1. The list of *expected* street names was updated with any valid street names that were found but were not already on the *expected* list.
2. A seperate list was created for street names that were in an incorrect format. This list could then be used to clean the data.

Below is the code used to inspect the data. The 'expected' list is a list of the street names that are in the correct format. The 'mapping' dictionary is a list of street names that need to be corrected. This dictionary is used in the next step to clean the data before entering it into the database.

In [None]:
import xml.etree.cElementTree as ET
from collections import defaultdict
import re
import pprint

OSMFILE = "toronto_small.osm"
street_type_re = re.compile(r'\b\S+\.?$', re.IGNORECASE)


expected = ["Street", "Avenue", "Boulevard", "Drive", "Court", "Place", "Square", "Lane", "Road", 
            "Trail", "Parkway", "Commons", "West", "East", "North", "South", "Way", "Townline", "Terrace",
            "Wood", "Walk", "Vineway", "Sideroad", "Run", "Row", "Ridge", "Starway", "Promenade", "Path", 
            "Pathway", "Point", "Park", "Millway", "Mews", "Meadoway", "Manor", "Line", "Landing", 
            "Hollow", "Hill", "Highway", "Heights", "Grove", "Gate", "Gardens", "Crescent", "Fernway", 
            "Crossing", "Garden", "Common", "Concession", "Close", "Circuit", "Circle" ]

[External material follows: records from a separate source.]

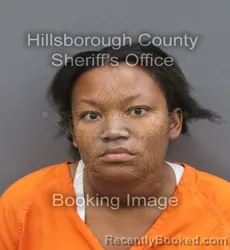 Mugshot of Elisia Jarrell Madison booked in Hillsborough County, Florida on August 26, 2026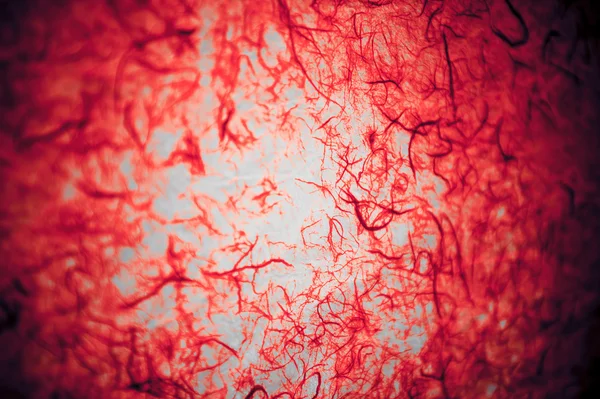 Красная окровавленная текстура — стоковое фото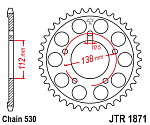 Звезда цепного привода JTR1871.48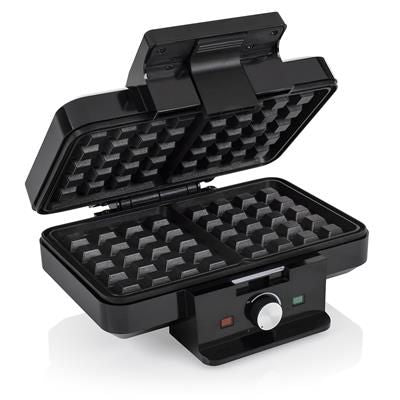Тостер Tristar  Waffle maker | WF-1165 | 1000 W | Number of pastry 2 | Belgium | Black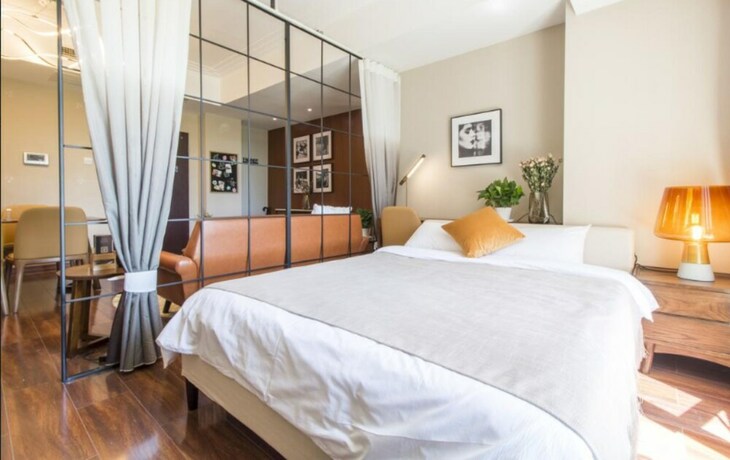 Imagen de la habitación del Hotel Home to Advanced Service Apartment New Country Exhibition Shop(Chinese Citizen Only). Foto 29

# this variable is compiled by inspecting the program output and adding incorrect street name formats to the dictionary
mapping = {     "St": "Street",
                "St.": "Street",
                "Ave": "Avenue",
                "Ave." : "Avenue",
                "Rd.": "Road",
                "Rd" : "Road",
                "W." : "West",
                "E." : "East",
                "N." : "North",
                "S." : "South",
                "Unionville" : "",
                "Tottenham" : "",
                "Hrbr" : "Harbour",
                "Dr" : "Drive",
                "EHS" : "",
                "Cresent" : "Crescent",
                "By-pass" : "Bypass",
                "Blvd" : "Boulevard",
                "Blvd." : "Boulevard",
                "Alliston" : "" }


def audit_street_type(street_types, street_name):
    m = street_type_re.search(street_name)
    if m:
        street_type = m.group()
        if street_type not in expected:
            street_types[street_type].add(street_name)


def is_street_name(elem):
    return (elem.attrib['k'] == "addr:street")


def audit(osmfile):
    osm_file = open(osmfile, "r")
    street_types = defaultdict(set)
    for event, elem in ET.iterparse(osm_file, events=("start",)):

        if elem.tag == "node" or elem.tag == "way":
            for tag in elem.iter("tag"):
                if is_street_name(tag):
                    audit_street_type(street_types, tag.attrib['v'])
    
    osm_file.close()
    print "Audit complete"
    return street_types


def update_name(name, mapping):
    m = street_type_re.search(name) #extracts the street name from the street address string
    if m:
        street_type = m.group()
        if street_type in mapping:
            name = re.sub(street_type_re, mapping[street_type], name)
            
    return name


def test():
    st_types = audit(OSMFILE)
    pprint.pprint(dict(st_types)) #prints out the list of unexpected street names for visual inspection


if __name__ == '__main__':
    test()

#### 1.2.2 Investigating Postal Codes
To investigate postal codes (Canadian equivalent of zip codes), I ran through each element that had a "addr:postcode" tag and inspected the information. Postal codes are 6 characters long and they alternate a letter followed by a number(eg. A1A 1A1). The most common way to represent a postal code is to capitalize the letters and to have a space after 3 characters. A regular expression was used to determine if the postal code was entered in an expected format (A1A 1A1). The most common exception was if the postal code did not have a space (A1A1A1). Of 684 postal codes in the reduced size data set, approximated 40 had complete information but were missing the space in the middle. 4 other 'postcode' tags did not have correct information or were missing information (less than 6 characters). When the data is entered into the database, the postal codes with the missing space will be corrected to the standard format. Postal codes with missing information will be ignored.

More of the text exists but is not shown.